Less of a trial were the trips to see May Allman. She was a charming old dame who always made a fuss of me and usually had some little gift to bestow. She had never married and had a younger woman living with her as paid companion, another one called Alice who was a plain spinster but certainly not dim. May and Alice seemed to get by on pretty much equal terms; whether there was anything more to it, it didn’t at that age occur to me to wonder. Then a calamity occurred. Alice died. Left alone and with no prospect of replacing her helpmeet, May struggled gamely on. The last time I saw her was, I think, after my grandfather had died just before my 14th birthday. He had enjoyed a long and happy life and had been in robust health and high spirits until the day he died. May, on the other hand, was now frail and apt to lose track. On the way home, my mother told me that May had drawn her aside and confided that all she wanted was to die.

May duly got her wish, as did JS Bruce and Alice, and indeed my mother and father; as we all shall. I have no idea what were the circumstances of May’s passing. As a teenager, I had much more pressing concerns. But the purposelessness of her lingering stayed with me. It seemed to me then, as it seems to me now, that a settled wish to hasten what is anyway inevitable is a perfectly reasonable position to take. If suicide were simple, as a practical proposition, there would be no need for the courts or the law lords to take a view. But it, like the issue, is not simple.

When I was in my middle 30s, a number of my friends killed themselves. One was my flat mate Phil, ten years younger than me and a sweet boy. He threw himself off the cliffs at Dover. Such was the damage done to his head on the rocks below that he was buried unidentified.
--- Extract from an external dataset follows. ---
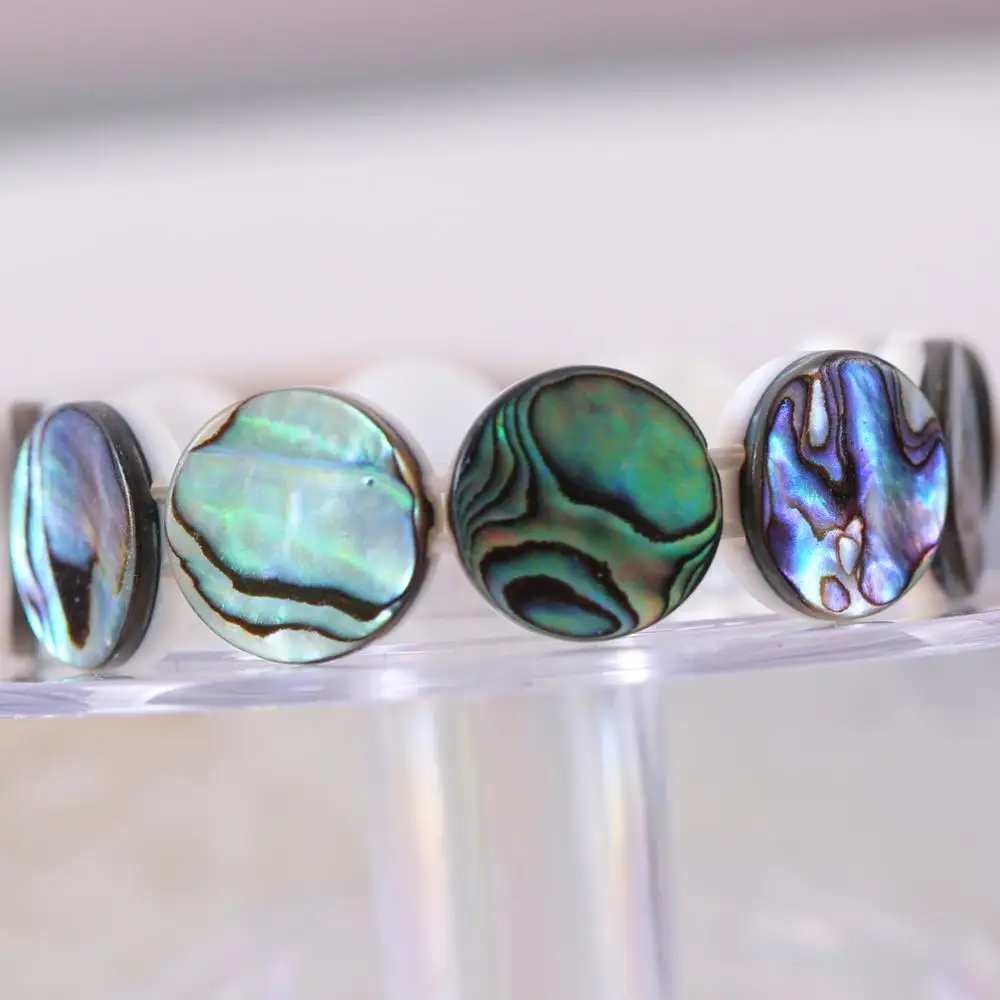 Браслет натуральный 16 мм круглые бусины синий Новая Зеландия ушка оболочки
It was six months before a dental match was made and then the Dover authorities refused to allow his bewildered parents to exhume the body and re-bury it where they wished. In the meantime, we had not known what had become of him or indeed whether he was alive. Some weeks after the identification was confirmed, I received a small jiffy bag. The postmark indicated that it came from the Dover police but there was nothing in the bag save a door key. It of course was Phil’s and examining it I now knew for sure that he was dead. The key was green. It had been in his pocket in the sea.

Like any thoughtful young man, I mused on suicide myself once or twice. But the means are the taskmaster that asks all the questions. Phil’s desperate leap demands a certainty about what you want to achieve and perhaps an innocence about the ramifications: I doubt that he would have intended his family, friends and lovers to pass six months in painful speculation about his disappearance. If there were a pleasant-tasting draft available at any supermarket that you could drink and that would then carry you into a painless sleep from which you would never awaken, millions of us would have gulped it down before we turned 40, many of us on the merest whim. But of course millions more would have fed it to someone else. That rather rules it out as a permissible, let alone a marketable product.
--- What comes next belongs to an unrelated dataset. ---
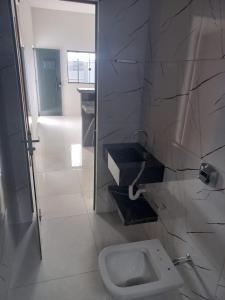 a bathroom with a white toilet in a room at Casa Proxima do Centro in Primavera do Leste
But this is exactly the problem with the notion of assisted suicide. At what point does assistance become coercion and who decides whether a line has been crossed and on what basis? Let’s first exclude the busybodies from the equation. These are the ones who have a fixed view of the world, characteristically one based on supernatural delusion, and who want to impose that view upon everyone else. Prominent among these are the groups who scandalously characterise themselves as “pro-life”, as if somehow everyone else is “anti-life”. Given that so-called pro-lifers are almost invariably subscribers to the full ticket of right-wing views, they tend also to advocate capital punishment, pre-emptive military strikes and armed responses, which makes them rather more comprehensively anti-life than I am.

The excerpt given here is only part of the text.